**What the task requires:** What is needed is a verbatim copy of the data, minus the pictures.

**Raw data:**
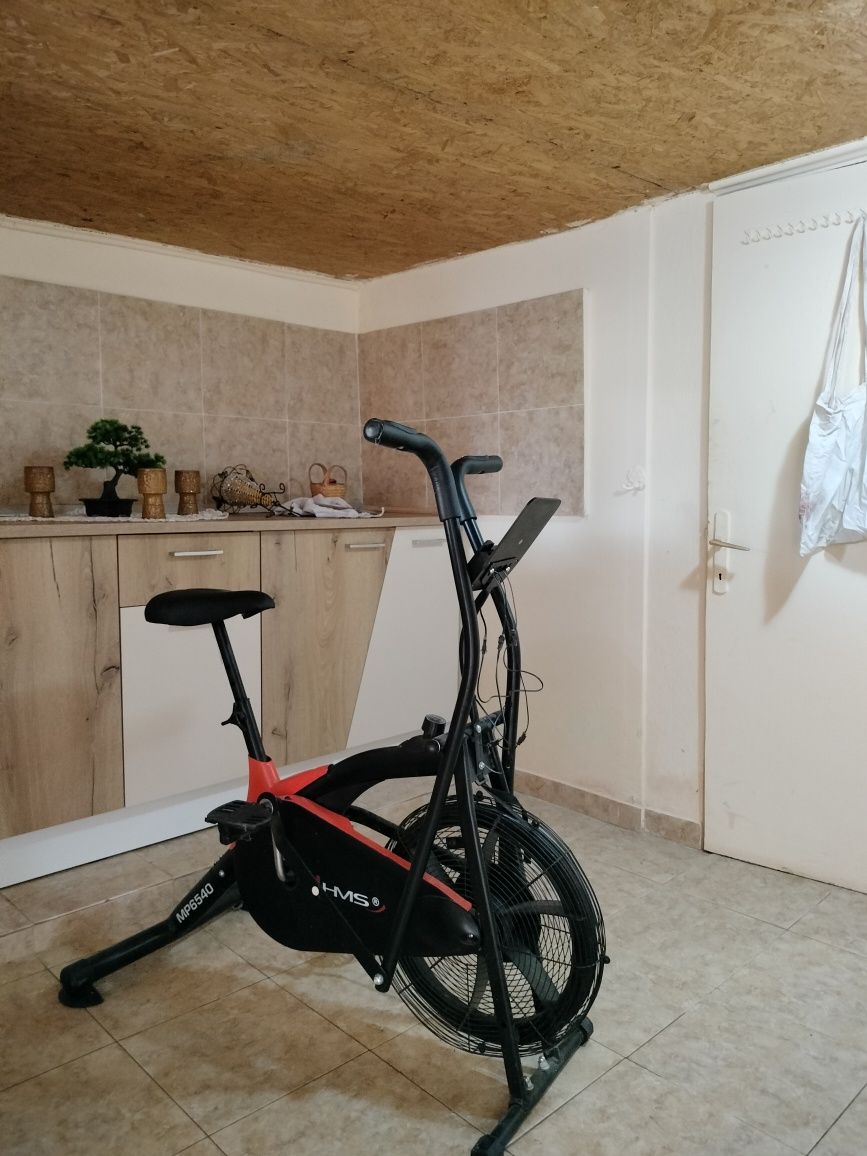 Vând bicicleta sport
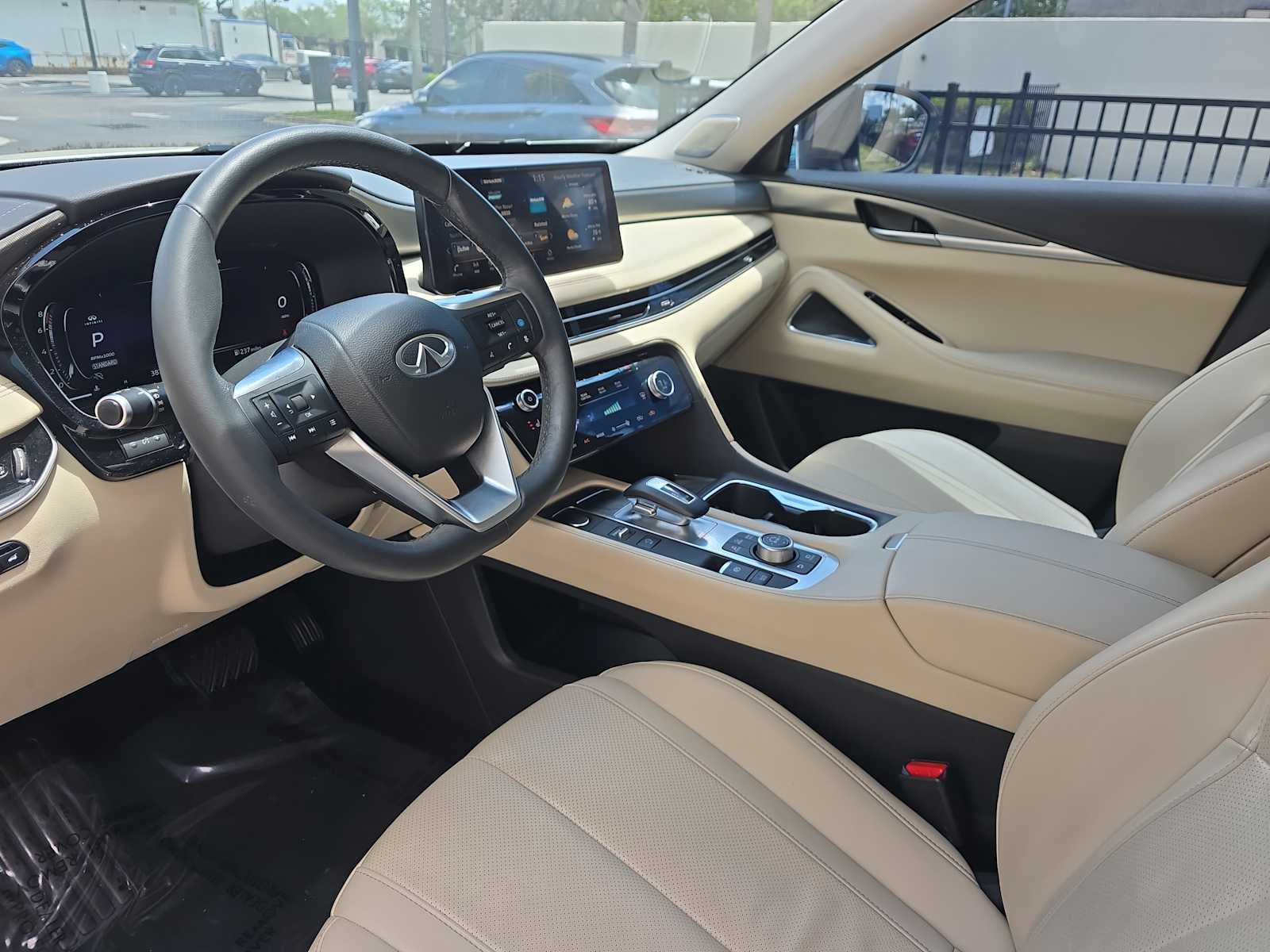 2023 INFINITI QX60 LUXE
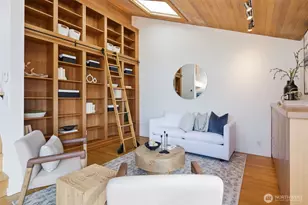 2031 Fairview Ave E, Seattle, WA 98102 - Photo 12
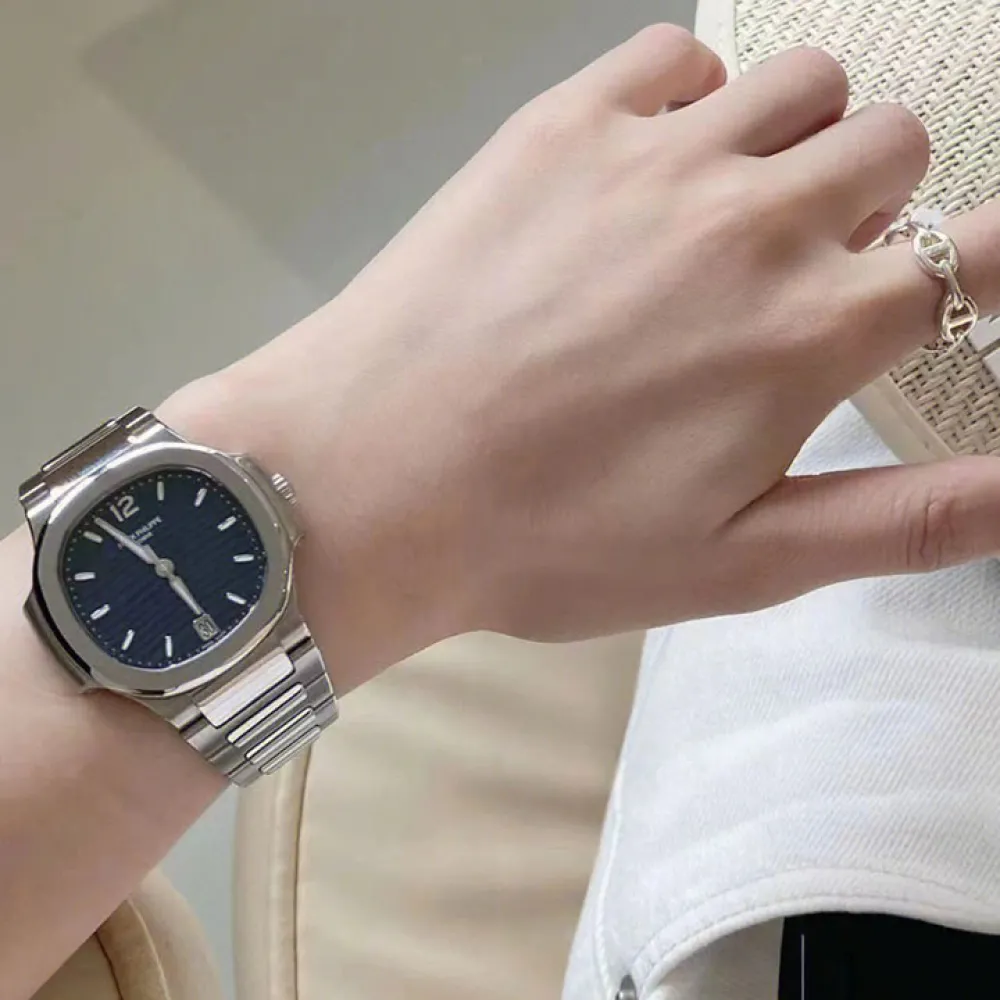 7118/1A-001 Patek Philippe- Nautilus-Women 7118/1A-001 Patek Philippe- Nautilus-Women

**Written response:**
 Vând bicicleta sport
 2023 INFINITI QX60 LUXE
 2031 Fairview Ave E, Seattle, WA 98102 - Photo 12
 7118/1A-001 Patek Philippe- Nautilus-Women 7118/1A-001 Patek Philippe- Nautilus-Women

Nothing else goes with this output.